# **Predicting End Semester Performance through Simple Linear Regression**

This notebook implements an example of predicting the end semester performance  of students from their midsemester performance and classroom attendance.

The purpose of this notebook is to explain the concepts underlying Simple Linear Regression (SLR) through an example that connects to the student's daily academic life. 

This programming exercise can also be undertaken a lab activity for simple linear regression.

I explained the necessary statistical concept and working of SLR in my video course on Machine Learning. The unit on Simple Linear Regression covers following points.

1.  [Simple Linear Regression (SLR): 7 Key points to remember.](https://youtu.be/--awGDpi9pk)
2.  [SLR: Statistical Background](https://youtu.be/o1QWm6yLHdw)
3.  [SLR: Estimating Model Parameters](https://youtu.be/h-WyE73E1yM)
4.  [SLR: Evaluating Model Parameters](https://youtu.be/AvZ-4yFGwG4)


The notebook uses the data set of student's performance, and attendance recorded that I collected while teaching a course on Software Architecture in the year 2014. 

Here, I am  building two different models. First is to explore relationship between MSE and ESE. Second is to explore the relationship between classroom attendance and ESE.

**(1) Initilization**

This section imports modules such as Pandas, Numpy,  Matplotlib, Seaborn necessary to process the data. In addition to this, Statmodels and Math module is implemented.  
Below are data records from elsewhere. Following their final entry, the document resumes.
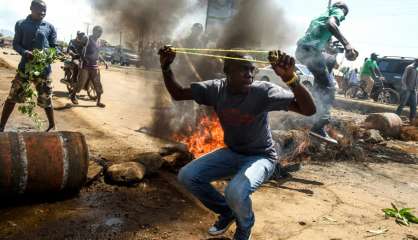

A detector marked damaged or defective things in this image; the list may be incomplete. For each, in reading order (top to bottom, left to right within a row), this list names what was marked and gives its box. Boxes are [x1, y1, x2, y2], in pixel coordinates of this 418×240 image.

rusty metal barrel [0, 131, 88, 197]
orange rusted drum [0, 132, 88, 196]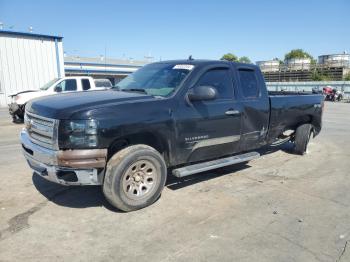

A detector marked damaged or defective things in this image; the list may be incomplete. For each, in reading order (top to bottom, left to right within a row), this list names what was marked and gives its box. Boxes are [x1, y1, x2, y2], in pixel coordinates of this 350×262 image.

damaged front bumper [20, 130, 106, 185]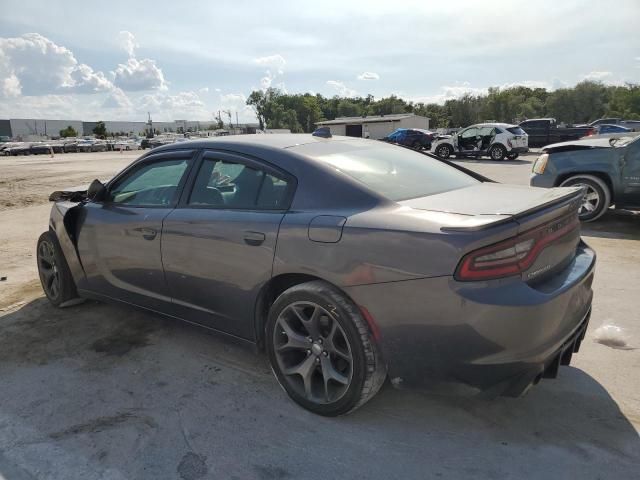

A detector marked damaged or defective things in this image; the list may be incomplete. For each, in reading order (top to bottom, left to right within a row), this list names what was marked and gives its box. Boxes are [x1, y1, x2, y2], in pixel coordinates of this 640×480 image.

damaged vehicle background [41, 135, 596, 416]
damaged vehicle background [528, 132, 640, 220]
The simple linear regression model is going to be implemented through Ordinary Least Square (OLS) method hence statmodels and Math module are imported.

The dataset is available in CSV format.  The header of the dataset confirms that all the feature variables are numeric.

In [None]:
import pandas as pd
import numpy as np
import statsmodels.api as sm
import seaborn as sns
import matplotlib.pyplot as plt
import math

df = pd.read_csv('../input/predictingese/AttendanceMarksSA.csv')
df.head()
df.describe()

**(2) Correlation Analysis**

Before building an SLR model, the correlation analysis is performed by generating a correlation matrix and the scatter plot. It checks the existence of linearity between input variables(MSE, Attendance) and output variables (ESE).

In [None]:
corr=df.corr()
corr.style.background_gradient(cmap='coolwarm')

In [None]:
X = df["MSE"]
y = df["ESE"]

sns.scatterplot(X ,y)


**(3) Pre-Processing**

The input vectors (exog) and output vectors (endog) are separated from the data frame. Also, a constant unit vector is added in the input features.

In [None]:
endog = df['ESE']
exog = sm.add_constant(df[['MSE']])
print(exog)

**(4) Model building:** The OLS method from the Statmodels is used to build the Simple Regression Model. This method realizes the Ordinary Least Square algorithm. The summary of the results is also printed.

In [None]:
# Fit and summarize OLS model
mod = sm.OLS(endog, exog)
results = mod.fit()
print (results.summary())



> 

The following code segment implements a function named RSE to calculate the Residual Standard Error from the given predicted and actual values.

In [None]:
def RSE(y_true, y_predicted):
   
    y_true = np.array(y_true)
    y_predicted = np.array(y_predicted)
    RSS = np.sum(np.square(y_true - y_predicted))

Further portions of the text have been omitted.